Listed records>
------
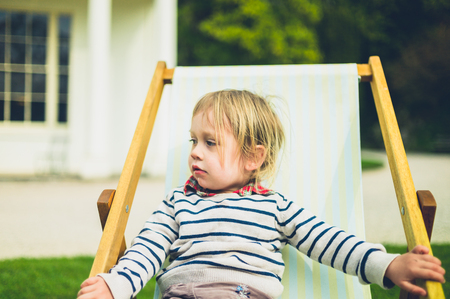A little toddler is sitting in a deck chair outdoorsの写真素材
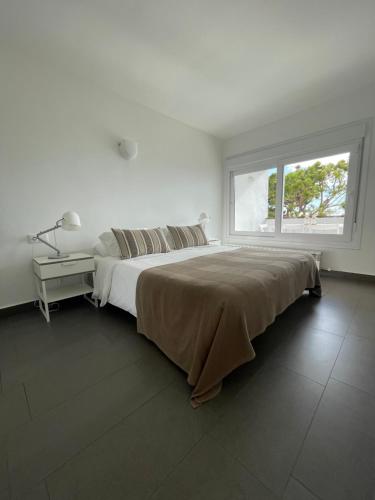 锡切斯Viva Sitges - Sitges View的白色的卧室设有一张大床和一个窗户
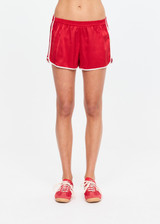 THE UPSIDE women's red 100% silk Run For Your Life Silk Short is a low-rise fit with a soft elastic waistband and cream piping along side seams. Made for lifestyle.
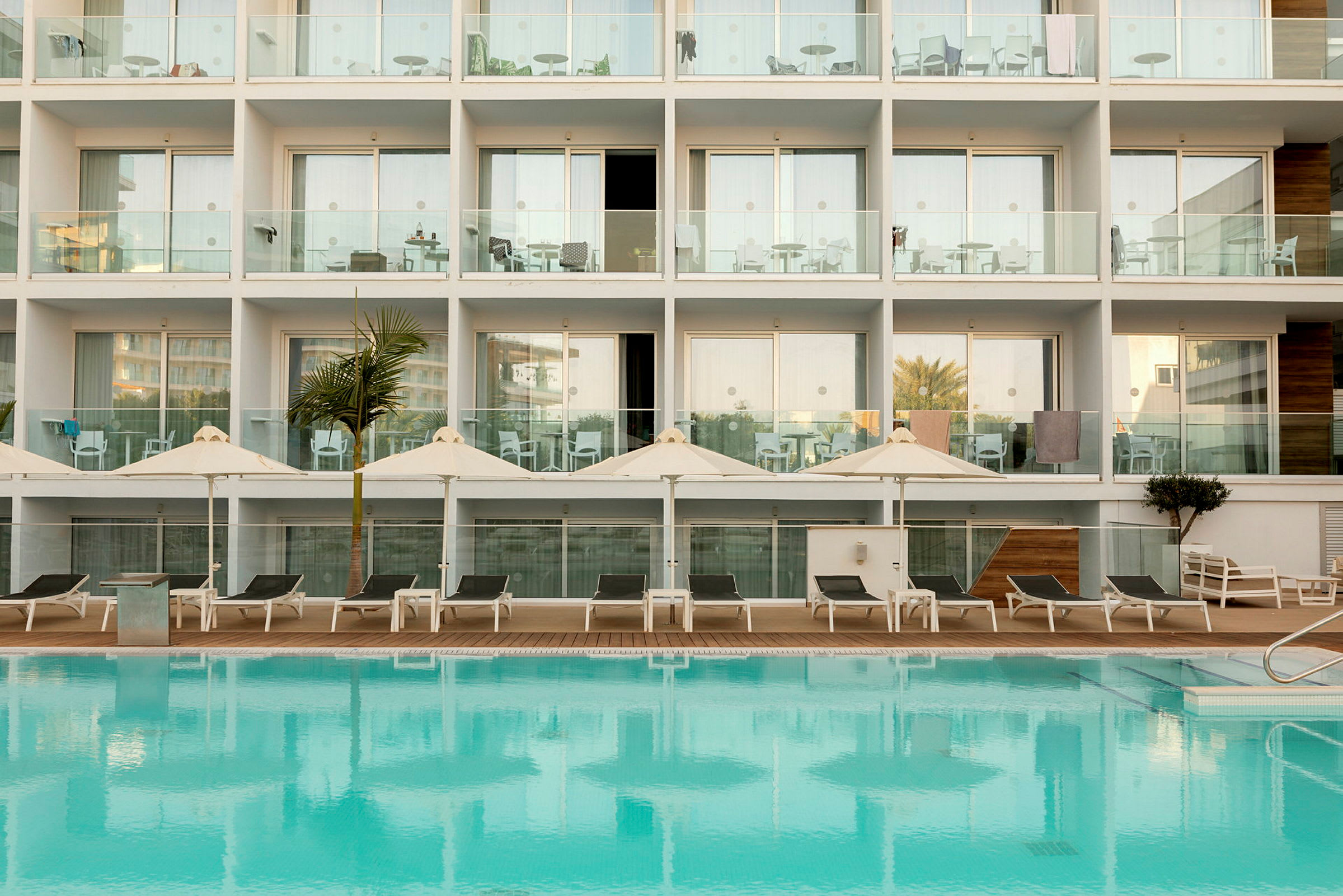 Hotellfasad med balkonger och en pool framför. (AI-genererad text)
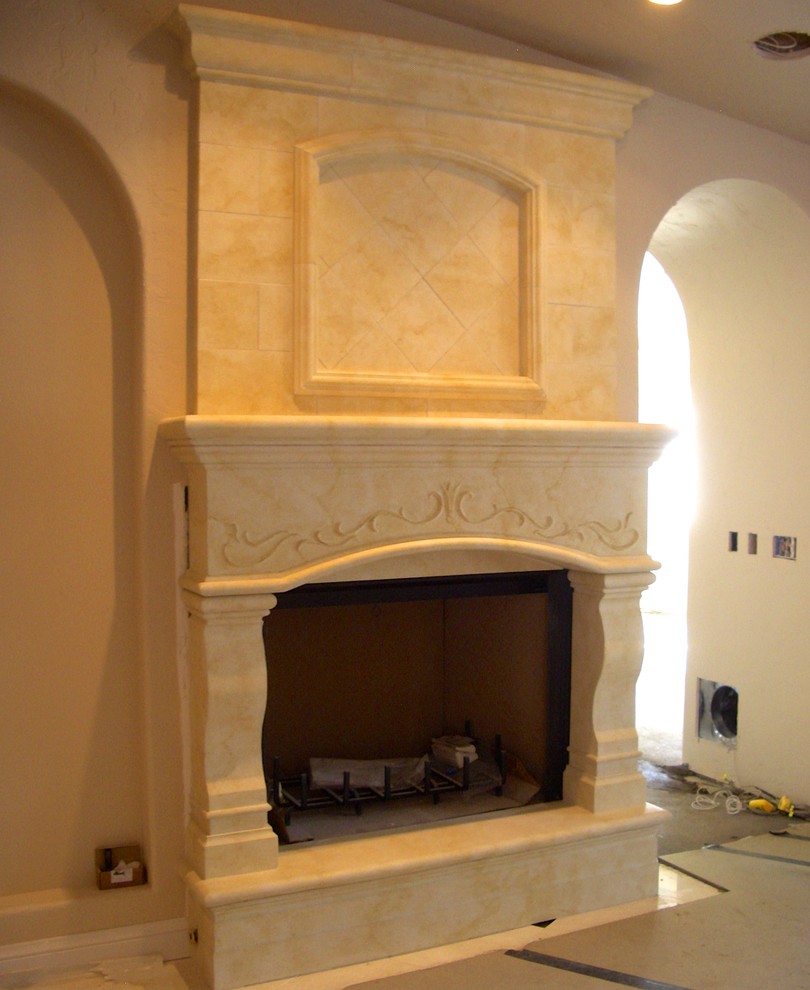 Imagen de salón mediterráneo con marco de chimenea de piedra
------
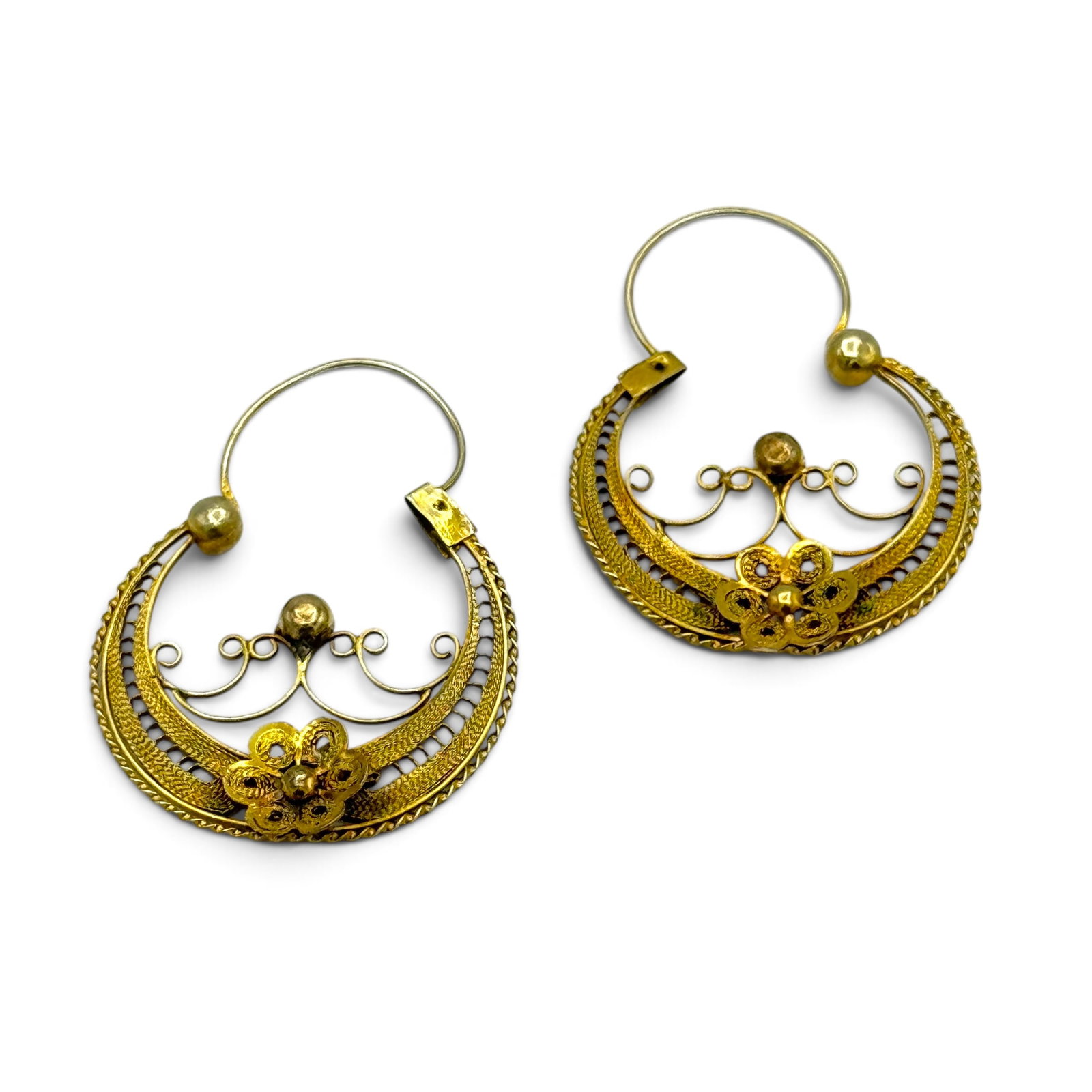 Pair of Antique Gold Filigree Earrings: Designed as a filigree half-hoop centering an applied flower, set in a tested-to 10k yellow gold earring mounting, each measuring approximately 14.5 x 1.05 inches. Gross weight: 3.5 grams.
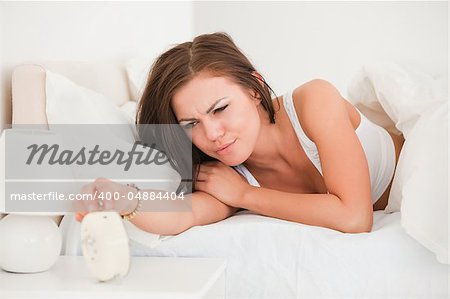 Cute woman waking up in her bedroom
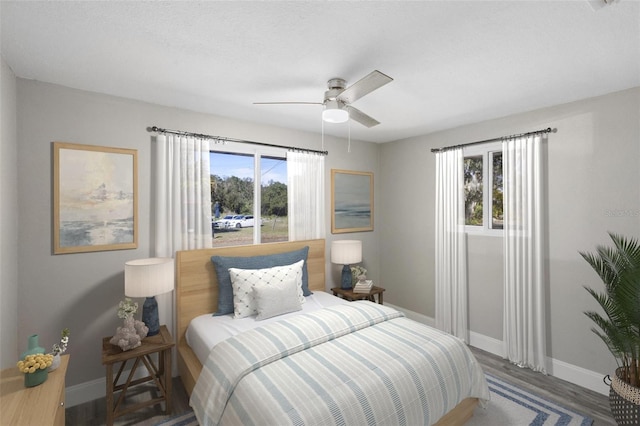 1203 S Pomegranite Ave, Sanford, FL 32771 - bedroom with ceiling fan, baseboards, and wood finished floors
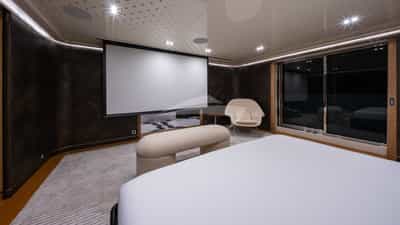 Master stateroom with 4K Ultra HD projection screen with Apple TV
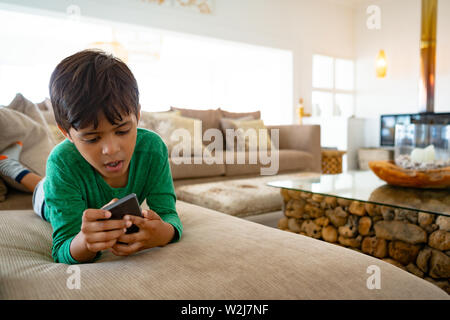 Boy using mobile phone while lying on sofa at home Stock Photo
------
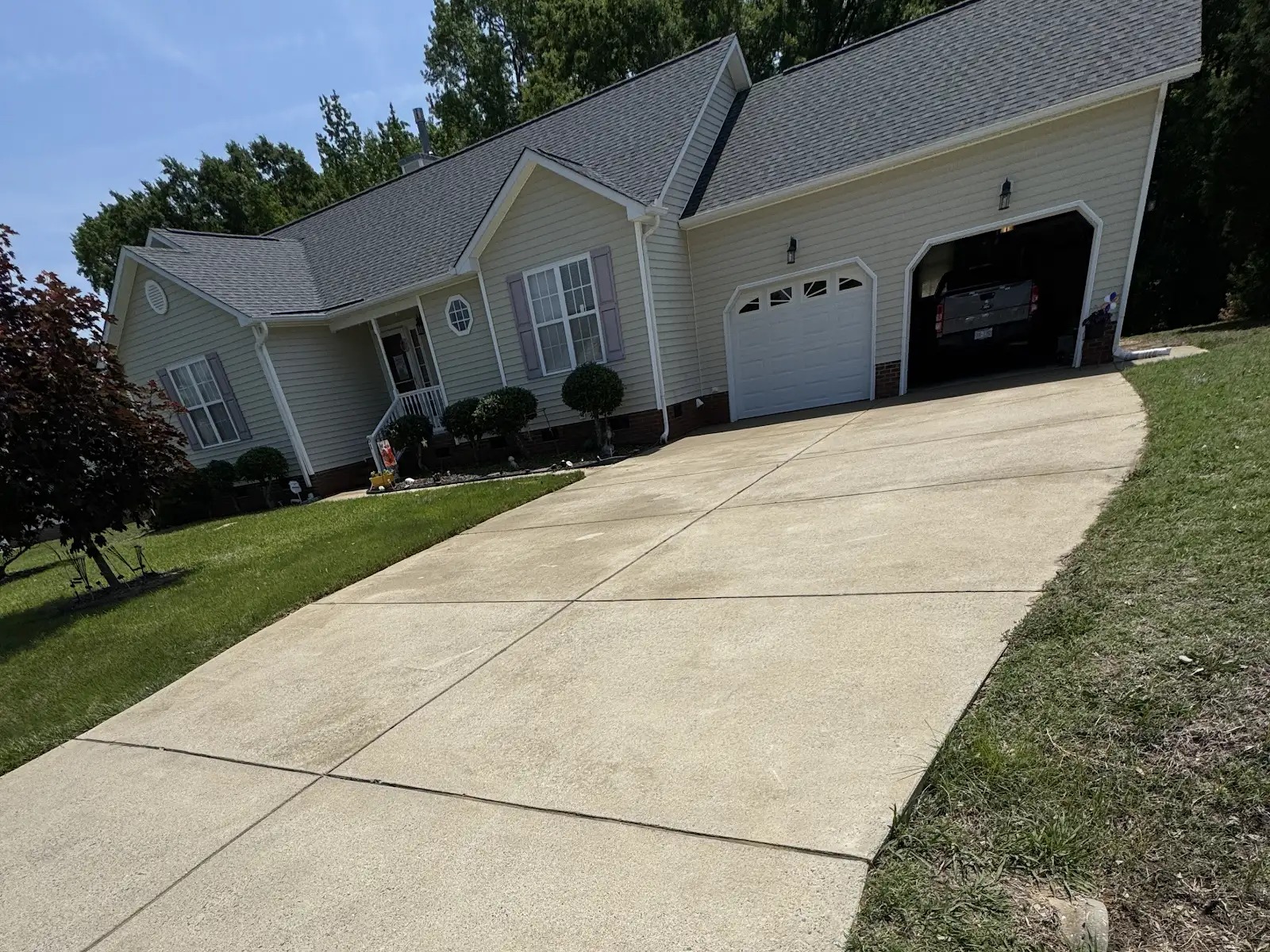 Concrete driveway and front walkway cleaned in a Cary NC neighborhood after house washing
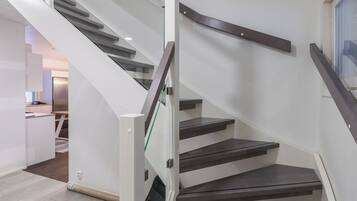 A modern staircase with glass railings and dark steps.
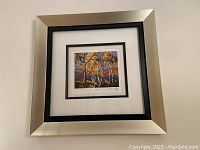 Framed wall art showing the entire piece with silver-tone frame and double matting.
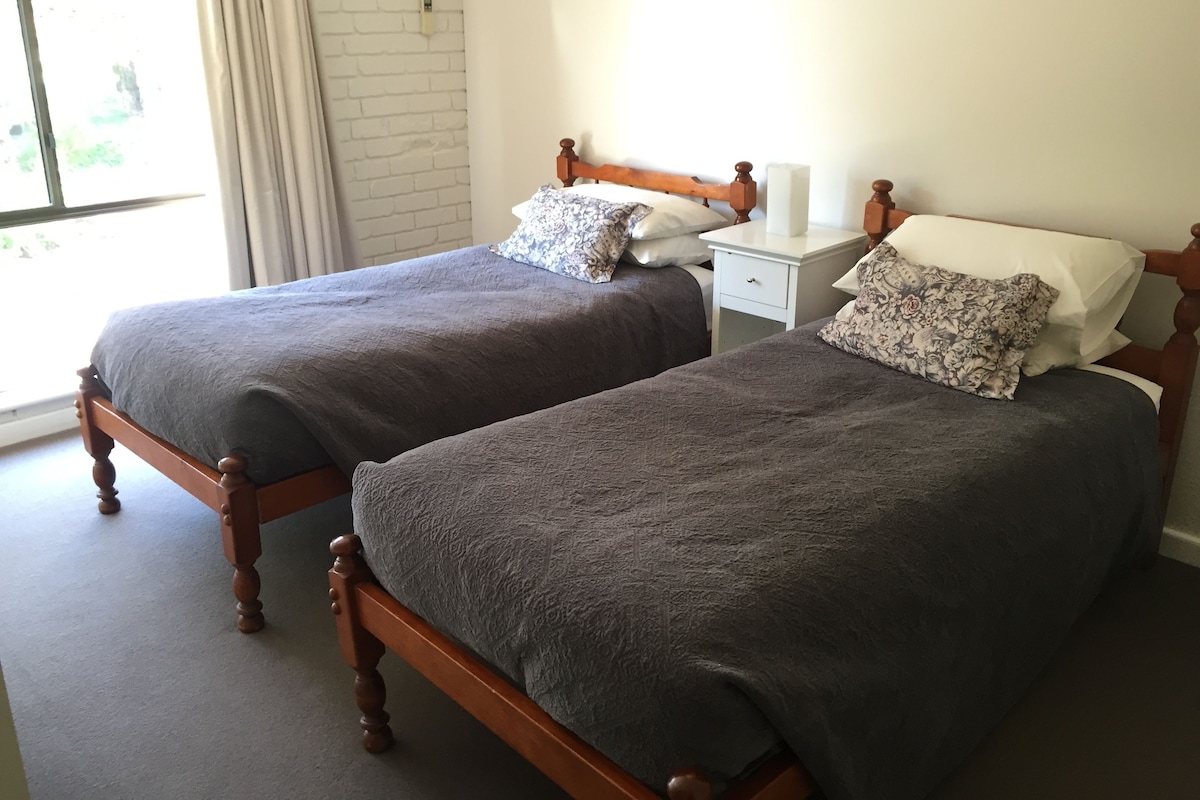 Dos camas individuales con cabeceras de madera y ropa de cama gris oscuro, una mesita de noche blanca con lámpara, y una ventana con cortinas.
------
What needs to be done> Beginning at the line above that contains "A little toddler" and going on through the line that contains "Imagen de salón", please copy every line exactly, leaving the pictures out and adding nothing.

Result>
A little toddler is sitting in a deck chair outdoorsの写真素材
 锡切斯Viva Sitges - Sitges View的白色的卧室设有一张大床和一个窗户
 THE UPSIDE women's red 100% silk Run For Your Life Silk Short is a low-rise fit with a soft elastic waistband and cream piping along side seams. Made for lifestyle.
 Hotellfasad med balkonger och en pool framför. (AI-genererad text)
 Imagen de salón mediterráneo con marco de chimenea de piedra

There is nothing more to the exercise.